À moins d’un mois de l’ouverture de la 15e édition, je ne comprends pas le silence de l’État sénégalais. Avec tout ce que cela demande comme organisation et travail, le report est inévitable. Il est vrai que les autorités sortantes ont laissé le Ministère dans une « situation inextricable et malveillante », mais les autorités actuelles doivent communiquer. Si elle est reportée, ce sera à quelle date ? Une annulation sera une catastrophe. Il y a déjà beaucoup d’engagements.
Le changement de régime n’est pas une excuse pour un report ou une annulation d’un événement aussi important. En 2000, il y a eu un changement de régime et la biennale a eu lieu. En 2012, il y a eu un changement de régime et la biennale a eu lieu.
Je me demande si les autorités actuelles mesurent réellement l’importance de cet évènement en termes de diplomatie culturelle et d’attractivité économique. Car au-delà des enjeux artistiques, il y a des enjeux socio-économiques, parce que nous recevons beaucoup de touristes, des gens qui sont logés à l’hôtel, qui mangent dans nos restaurants, qui prennent nos taxis. Les organisateurs des expositions Off (plus de 400 !) louent des espaces, engagent des techniciens, achètent tout un matériel de scénographie. Il y a une activité économique importante.
La Biennale de Dakar, c’est aussi plus de 350.000 visiteurs, dont près de 50.000 proviennent de l’étranger, un budget de près d’un milliard (1 625 022 dollars US), plus de 10 000 professionnels, et plus de 3000 créateurs (dans le IN et le OFF).
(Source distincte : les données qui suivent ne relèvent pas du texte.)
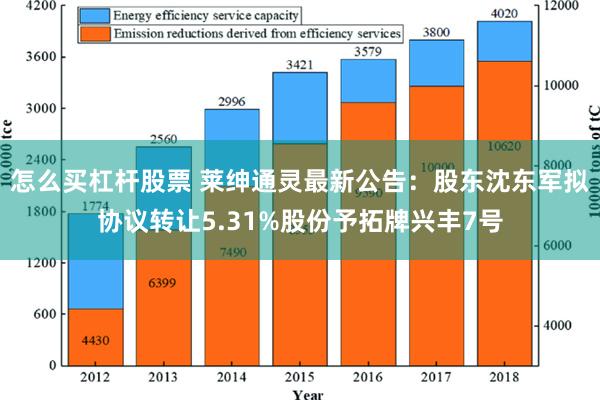 怎么买杠杆股票 莱绅通灵最新公告：股东沈东军拟协议转让5.31%股份予拓牌兴丰7号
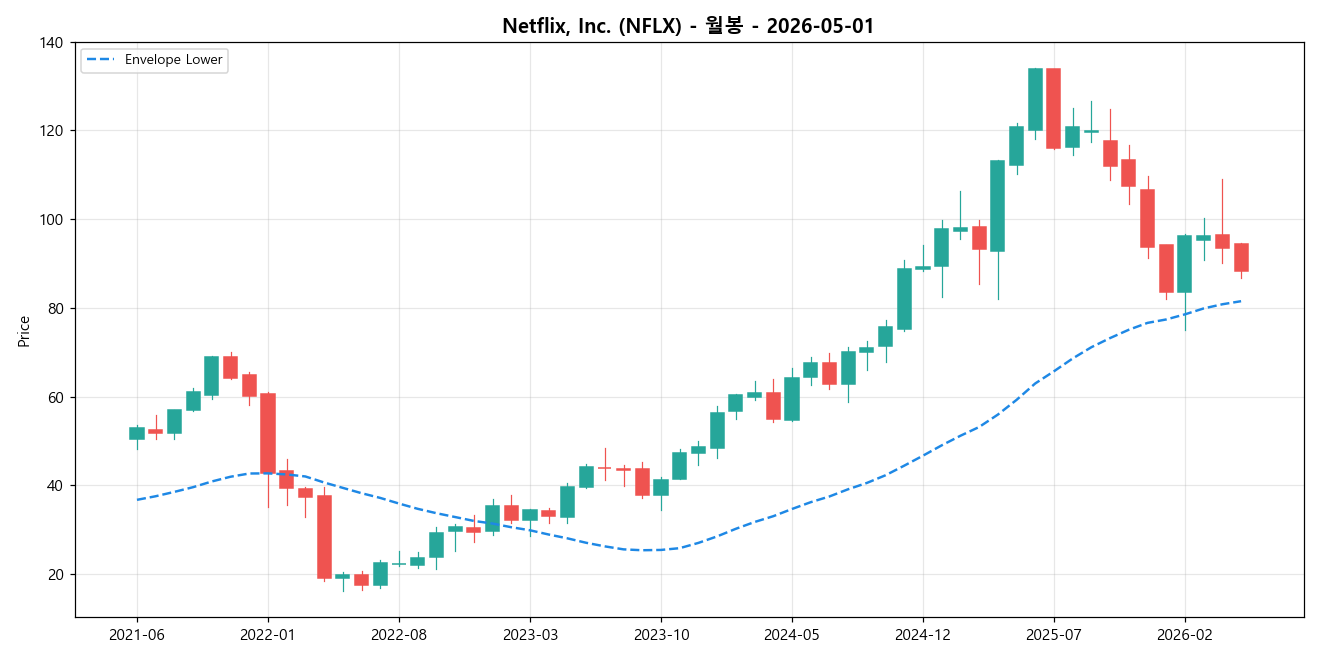 Netflix, Inc. 월봉 차트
J’étais toujours persuadé qu’un jour viendra où les autorités étatiques ne lui donneront aucune importance. L’histoire me donne raison. Puisqu’elles veulent rationaliser nos institutions, c’est peut-être le moment de changer le statut de la Biennale ; de ne plus la rattacher au Ministère chargé de la Culture et d’en faire une Fondation ou une Association. La pérennité de cette manifestation viendra de son changement de statut. Mais il ne faut pas confondre autonomie et indépendance. Dans tous les cas, la Biennale aura besoin de l’État sénégalais de soutien financier et matériel. Mais elle bénéficiera surtout de financements de bailleurs privés.